La risposta a questa domanda rende necessaria una preliminare distinzione tra due reati previsti dal nostro codice penale, tra i delitti contro la famiglia: il reato di abuso dei mezzi correttivi e il reato di maltrattamenti in famiglia. Commette il primo reato chiunque abusa dei “mezzi di correzione o di disciplina” in danno della persona sottoposta alla propria responsabilità genitoriale, o a lui affidata per ragione di educazione, istruzione, cura, vigilanza.

Alla base di questa ipotesi, dai più ritenuta antiquata, c’è l’idea medievale dei rapporti familiari fortemente gerarchizzati e il riconoscimento ai genitori dello ius corrigendi, che legittimava l’uso della violenza fisica o morale. Questa norma è sopravvissuta all’evoluzione sociale ed è ancora presente nel nostro codice. Oggi trova il proprio fondamento nel “diritto-dovere” dei genitori di educare e istruire i figli, sancito dall’art. 30 della costituzione.

Al di là della collocazione tra i delitti contro la famiglia, l’ambito di applicazione soggettivo di questo reato è molto ampio: l’autore può essere il genitore, l’insegnante, l’istruttore sportivo e anche la baby-sitter. E la condotta scatenante può essere anche un solo episodio di abuso dei mezzi correttivi, che in via ordinaria sono consentiti: per esempio il divieto temporaneo di giocare ai videogiochi o di uscire, il ritiro del cellulare o l’obbligo di riparare la marachella commessa.
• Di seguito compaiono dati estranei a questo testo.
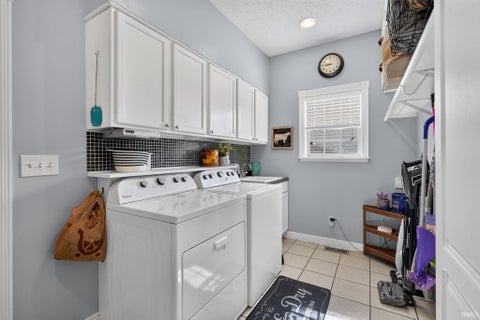 Tiny photo for 2816 Flagstone Way, Lafayette, IN 47909 (MLS # 202642563)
Ed è proprio in questo aspetto che si differenzia dal più grave reato di maltrattamenti in famiglia. Commette questo reato chiunque maltratta una persona appartenente alla sua famiglia o convivente o una persona sottoposta alla propria autorità o che gli è stata affidata per ragioni di educazione, istruzione, cura, vigilanza o custodia o per l’esercizio di una professione o di un’arte. Sebbene la norma non lo espliciti, il reato di maltrattamenti si configura solo quando la condotta maltrattante è abituale.

Proprio sulla differenza tra i due reati è intervenuta a giugno 2020 la Corte di Cassazione. La Suprema Corte ha, prima, delimitato i confini del reato di abuso dei mezzi di correzione e ribadito che questo presuppone l’uso non appropriato di metodi o comportamenti correttivi, e, poi, ha chiarito che “deve ritenersi integrato il reato di maltrattamenti in famiglia e non di abuso dei mezzi correttivi laddove i fatti sono connotati da reiterata violenza materiale e morale”.

Dunque, Gentile Signore, un solo schiaffo non configura certamente il reato di maltrattamento in famiglia.

La portata di questa sentenza, dunque, si spinge sino a sovvertire l’originaria concezione del reato di abuso dei mezzi correttivi: l’uso della violenza per fini correttivi o educativi non è mai consentito. A seconda che la condotta violenta sia abituale o meno, si configurerà il reato di maltrattamenti in famiglia, nel primo caso, o il reato di abuso dei mezzi correttivi, nel secondo caso.